Write out the listing from the line with "During the course" to the line with "Once you've done", both lines included, exactly and nothing beyond. Leave pictures out.

(Recorded information begins)

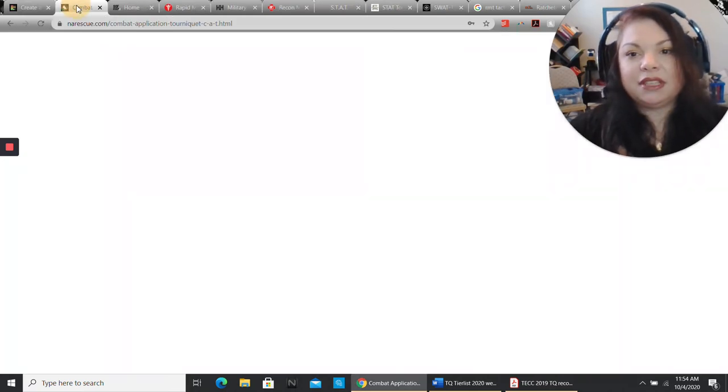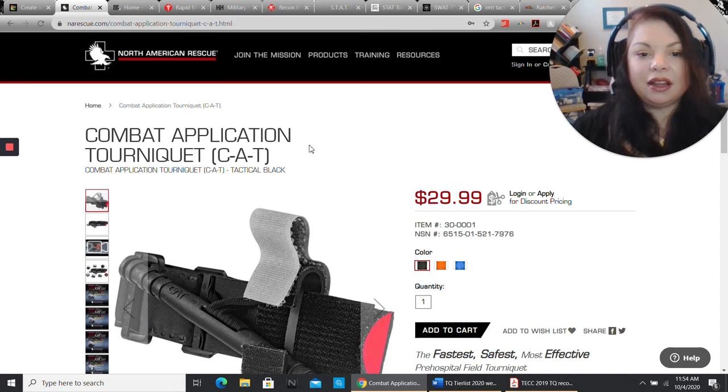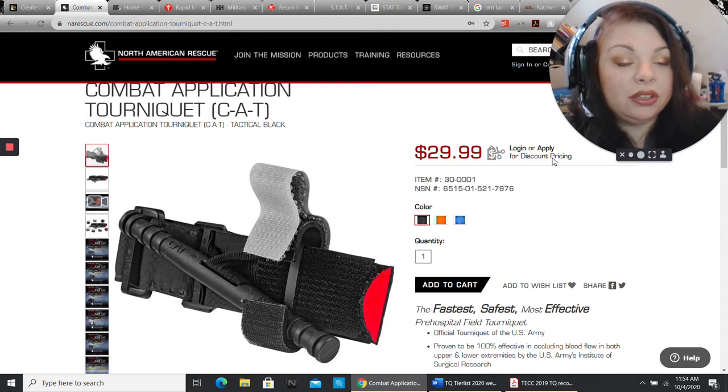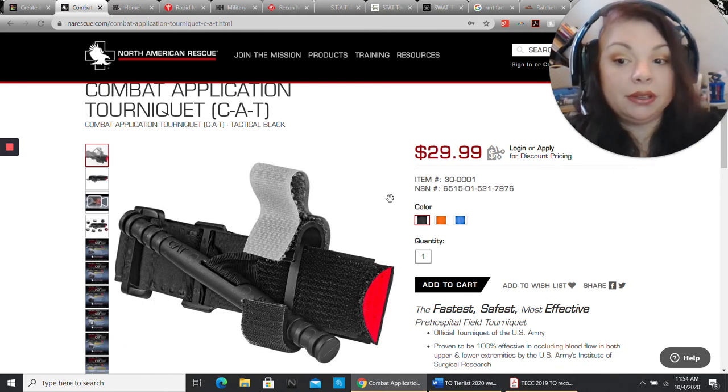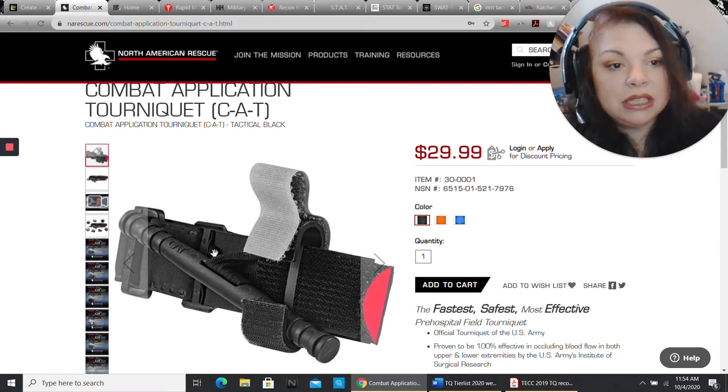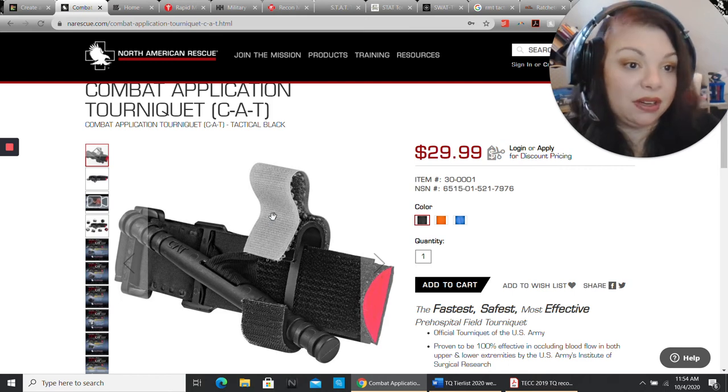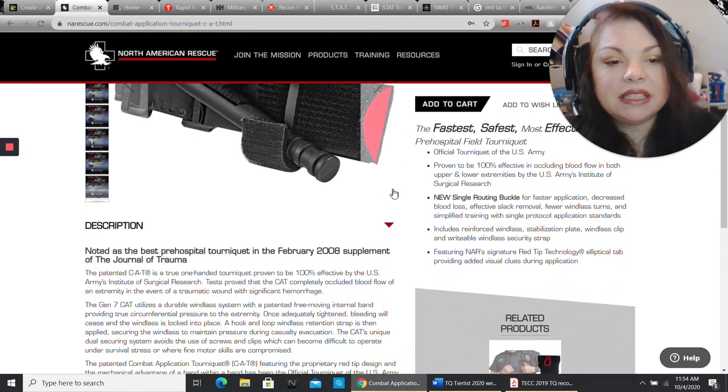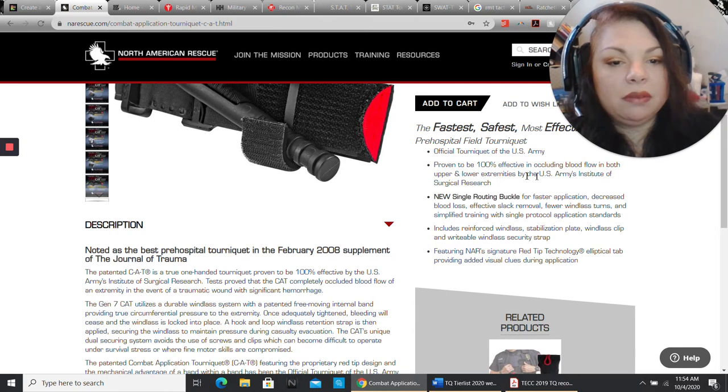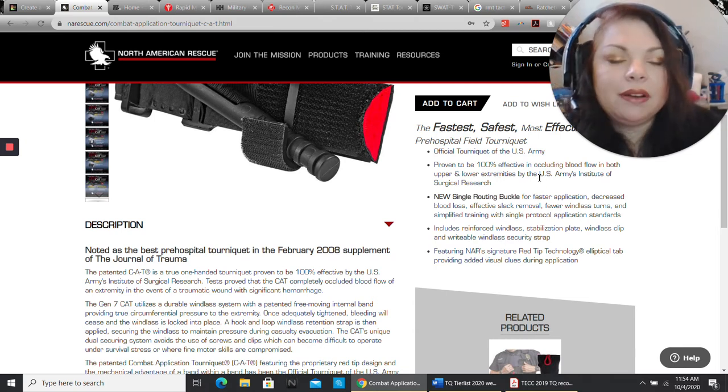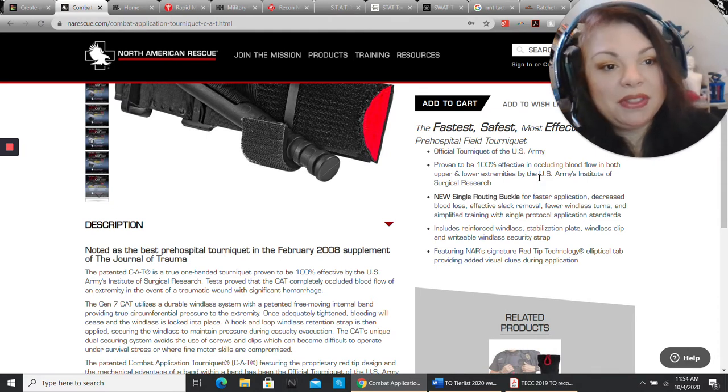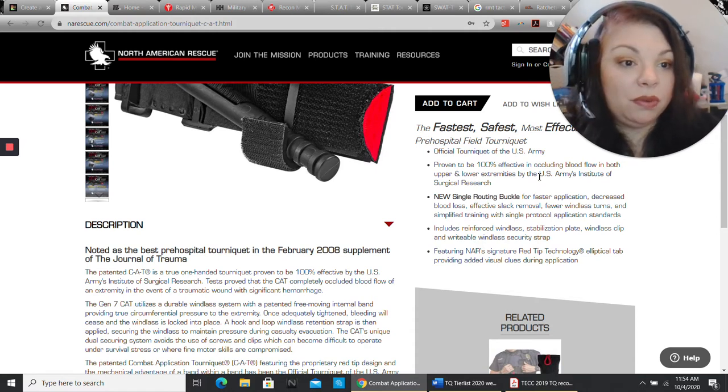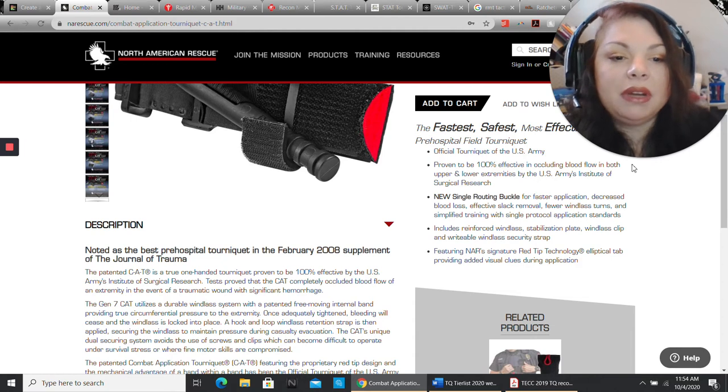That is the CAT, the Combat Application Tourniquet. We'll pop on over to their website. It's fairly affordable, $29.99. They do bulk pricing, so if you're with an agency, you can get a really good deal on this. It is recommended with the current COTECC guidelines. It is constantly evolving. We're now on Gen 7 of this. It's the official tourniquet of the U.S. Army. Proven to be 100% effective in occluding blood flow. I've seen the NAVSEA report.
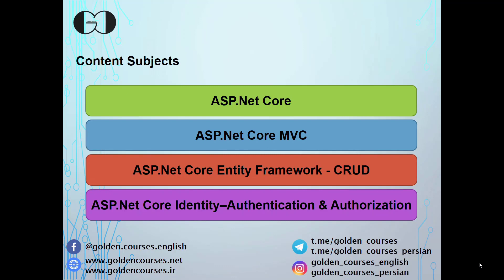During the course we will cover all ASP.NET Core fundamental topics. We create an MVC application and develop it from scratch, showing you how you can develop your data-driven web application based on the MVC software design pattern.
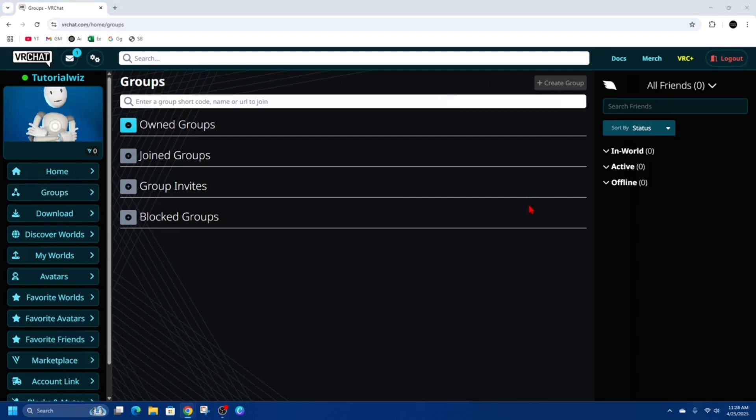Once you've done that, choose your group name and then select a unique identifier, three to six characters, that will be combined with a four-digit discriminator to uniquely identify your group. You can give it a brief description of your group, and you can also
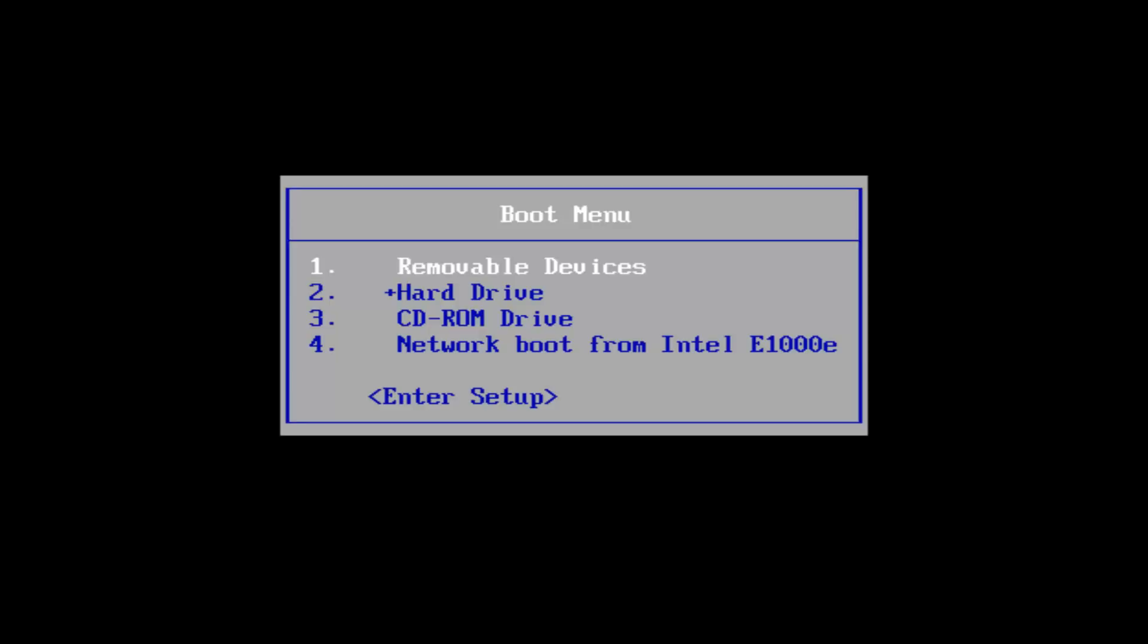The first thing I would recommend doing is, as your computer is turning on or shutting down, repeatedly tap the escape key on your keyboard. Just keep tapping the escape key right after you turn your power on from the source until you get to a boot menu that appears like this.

(Recorded information ends)

Your solution —
During the course we will cover all ASP.NET Core fundamental topics. We create an MVC application and develop it from scratch, showing you how you can develop your data-driven web application based on the MVC software design pattern.
Once you've done that, choose your group name and then select a unique identifier, three to six characters, that will be combined with a four-digit discriminator to uniquely identify your group. You can give it a brief description of your group, and you can also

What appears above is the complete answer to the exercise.